One significant advantage of using a set of distributed UWB powering transmitters is that it can meet the FCC requirements for UWB signal emissions. FCC regulations limits UWB transmissions at −41.3 dBm/MH which allows for short range communications. The communications range for passive tags is limited mostly due to their forward link which is powering link. This invention addresses this limitation using a set of distributed UWB transmitters and using a method of array “spot-forming.” This invention allows for long range powering of passive tags and any other sensors from a long distance while still meeting the FCC regulations.

The invention uses multiple UWB antennas to transmit from various locations to localized point in space and time to increase the received energy for powering passive RFID tags or passive sensors or other passive devices. By carefully designing the antenna geometry, e.g. by selecting the spacing between the elements of an antenna array, optimal powering of the devices can be achieved within FCC limits. The antennas can also be placed at different corners of a room focusing at passive tags or sensors. The impinging UWB pulses add their energy to provide the voltage necessary to overcome the diode drop and still leave enough voltage to operate at long ranges.

UWB Spotforming for Remote Powering

Ultra-wideband signals can be focused in space and time to form a spot in a distant location using a set of distributed transmitters. In order to form a spot with high signal to noise ratio in a distant location, all elements of the distributed UWB transmitters (array of antennas) have to transmit the same form of UWB pulse. The coherent addition of the pulses can generate a strong signal with high SNR that can be used to remotely power a passive UWB tag from a long distance. Increasing the number of elements in the array of transmitters improves the spotforming in terms of peak amplitude of the spot, signal-to-noise-ratio (SNR), and range. FIG. 3 illustrates the concept of using UWB antenna arrays for forming a spot in a specific point in the far field of individual array elements.

As shown in FIG. 3, an array 50 of antennas (or antenna elements) 52 (five are shown but any number may be used) focuses energy on a focal point 54. A reflector or backplane 56 may be positioned behind the antenna array 50 to increase energy and range.

The parameters that can be used to reduce the spot size and form a localized high energy signal at a distant spot are pulse shape and distance between the antenna elements in the array (could be uniform or non-uniform separation). Various antenna array architectures for spot forming can be formed with localized spots. Designing an efficient spot in terms of peak amplitude, distance from the array, and sharpness of the spot can significantly improve the powering range of UWB passive tags. Since UWB pulses have high peak amplitudes, focusing allows high peak amplitudes to add constructively and overcome diode drop to power up efficiently. This makes remote powering effective and efficient.

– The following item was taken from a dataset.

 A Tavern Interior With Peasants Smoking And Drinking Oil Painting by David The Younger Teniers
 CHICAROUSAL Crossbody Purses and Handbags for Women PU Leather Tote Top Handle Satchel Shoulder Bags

Thus, the present invention provides a “two-way” ultra-wideband (RFID) system and method that results in an increased energy efficiency and a greater communications range of up to about 20 meter or more. Unlike high-power narrowband tags, the present system and method utilizes a plurality of short-duration, high-peak amplitude UWB (e.g., of up to about 1 KV) pulsing transmitters to remotely power (“activate”) the tags. The tag receiver uses an efficient, energy-scavenging, UWB-matched circuit to receive the sub-nanosecond UWB pulses to the tags. The directed pulses beneficially reflect off nearby objects and are detected by the passive UWB tags. Just a few microwatts of remote power is adequate to power up, i.e, activate, the tags, as disclosed herein, because low duty cycle UWB pulses contain much higher peak power than CW signals. The large instantaneous power in UWB pulses overcomes the diode drop associated with the rectifying diode of the tag rectifier, resulting in increased efficiency of energy extraction and, therefore, powering out to greater distances. Thereafter, an interrogator unit detects energy rebounded in a radar implementation from the one or more remotely powered-up tags. In particular, when a predetermined tag's power capacitor circuit charges up remotely (“remotely activated”) and upon receiving an interrogating code from an interrogator so as to awaken the predetermined tag, a unique response code based on a respective tag's configured logic circuit is initiated to drive the tag antenna into a sequence of switching transitions (a series of OPEN/CLOSE states) in response to the interrogating code. In other words, once the tag is powered up, it transmits its unique tag address or code by way of reflecting in-coming UWB radar pulses as determined from the encoded information induced on the tag antenna.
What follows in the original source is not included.